Presented By O'Reilly and Cloudera
Make Data Work
March 13–14, 2017: Training
March 14–16, 2017: Tutorials & Conference
San Jose, CA

Semantic natural language understanding at scale using Spark, machine-learned annotators, and deep-learned ontologies

David Talby (Atigeo), Claudiu Branzan (G2 Web Services)
1:50pm2:30pm Wednesday, March 15, 2017
Data science & advanced analytics
Location: 230 C Level: Intermediate
Secondary topics:  Deep learning, Healthcare, Text
Average rating: ****.
(4.14, 7 ratings)

Who is this presentation for?

  • Data scientists, machine-learning engineers, NLP engineers, and software architects

Prerequisite knowledge

  • A basic understanding of and experience with Spark and machine learning

What you'll learn

  • Understand three key skills needed for natural language understanding: building an annotations pipeline, training and using machine-learned annotators, and applying deep learning to learn new ontologies and the relationships between concepts

Description

A text-mining system must go way beyond indexing and search to appear truly intelligent. First, it should understand language beyond keyword matching. (For example, distinguishing between “Jane has the flu,” “Jane may have the flu,” “Jane is concerned about the flu," “Jane’s sister has the flu, but she doesn’t,” or “Jane had the flu when she was 9” is of critical importance.) This is a natural language processing problem. Second, it should “read between the lines” and make likely inferences even if they’re not explicitly written. (For example, if Jane has had a fever, a headache, fatigue, and a runny nose for three days, not as part of an ongoing condition, then she likely has the flu.) This is a semisupervised machine-learning problem. Third, it should automatically learn the right contextual inferences to make. (For example, learning on its own that fatigue is sometimes a flu symptom—only because it appears in many diagnosed patients—without a human ever explicitly stating that rule.) This is an association-mining problem, which can be tackled via deep learning or via more guided machine-learning techniques.
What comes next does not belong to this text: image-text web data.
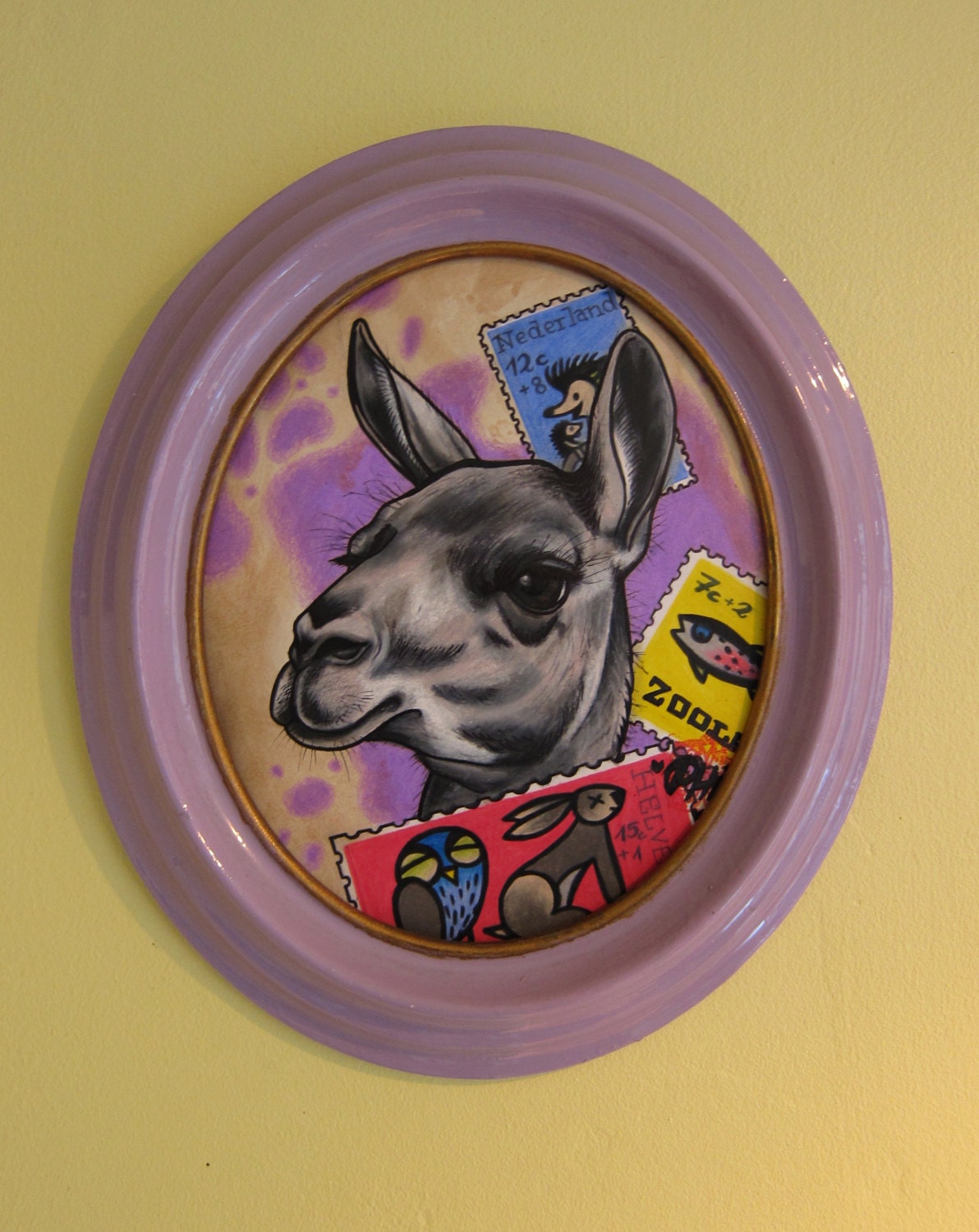 Travel with a Lama in candy colours " ORIGINAL drawing inspired by tattoos and life (nicely framed)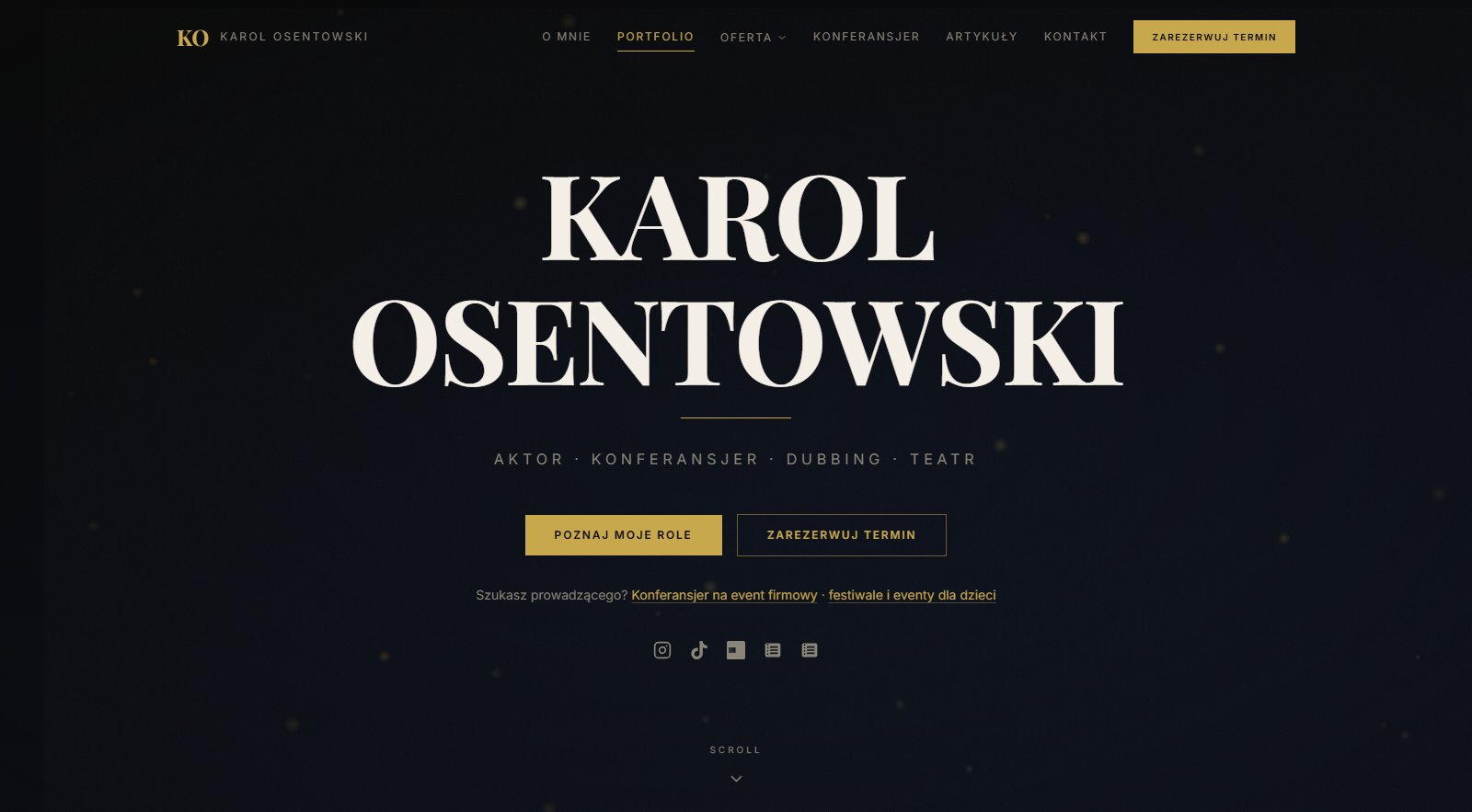 Karol Osentowski: website of an actor, host and voice actor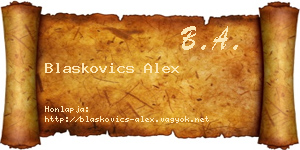Blaskovics Alex névjegykártya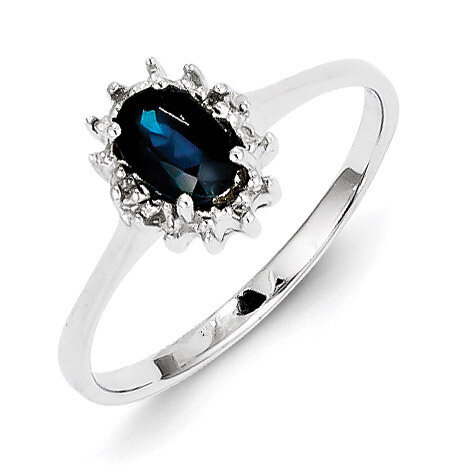 Sapphire Diamond Ring Sterling Silver Rhodium-plated QDX865, MPN: QDX865, 883957399416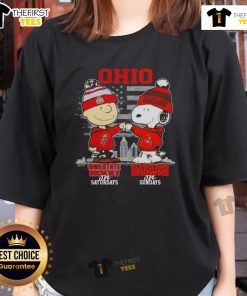 Nice Charlie Brown Ohio State Buckeyes tee and Snoopy Cleveland Browns shirt for ladies, perfect for game day style.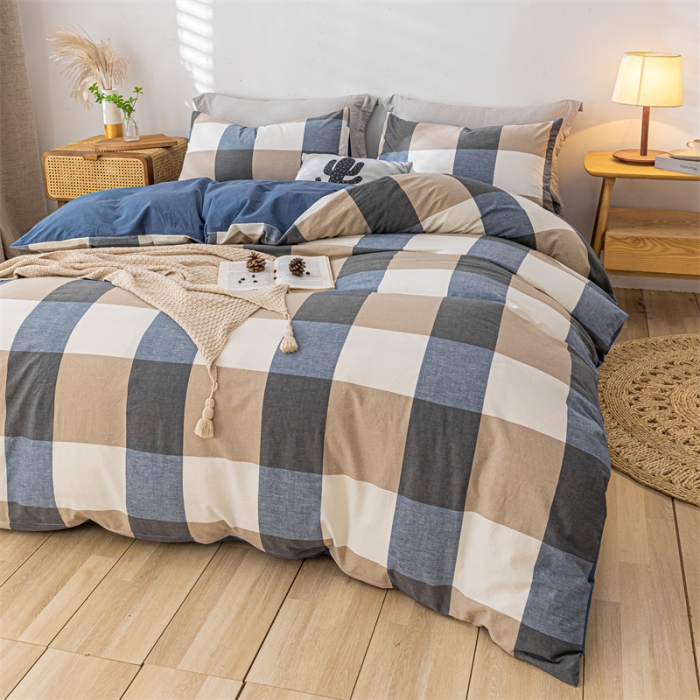 91家纺网 家纺一手货源 找家纺 蓝巢家纺 2021新款全棉色织水洗棉单被套 蓝调格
David Talby and Claudiu Branzan lead a live demo of an end-to-end system that makes nontrivial clinical inferences from free-text patient records and provides real-time inferencing at scale. The architecture is built out of open source big data components: Kafka and Spark Streaming for real-time data ingestion and processing, Spark for modeling, and Elasticsearch for enabling low-latency access to results. The data science components include spaCy, a pipeline with custom annotators, machine-learning models for implicit inferences, and dynamic ontologies for representing and learning new relationships between concepts. Source code will be made available after the talk to enable you to hack away on your own.

Photo of David Talby

David Talby

Atigeo

David Talby is Atigeo’s chief technology officer, working to evolve its big data analytics platform to solve real-world problems in healthcare, energy, and cybersecurity. David has extensive experience in building and operating web-scale data science and business platforms, as well as building world-class, Agile, distributed teams. Previously, he was with Microsoft’s Bing group, where he led business operations for Bing Shopping in the US and Europe. Earlier, he worked at Amazon both in Seattle and the UK, where he built and ran distributed teams that helped scale Amazon’s financial systems. David holds a PhD in computer science and master’s degrees in both computer science and business administration.

Photo of Claudiu Branzan

Claudiu Branzan

G2 Web Services

Claudiu Branzan is the director of data science at G2 Web Services where he designs and implements data science solutions to mitigate merchant risk, leveraging his 10+ years of machine-learning and distributed-systems experience. Previously, Claudiu worked for Atigeo Inc, building big data and data science-driven products for various customers.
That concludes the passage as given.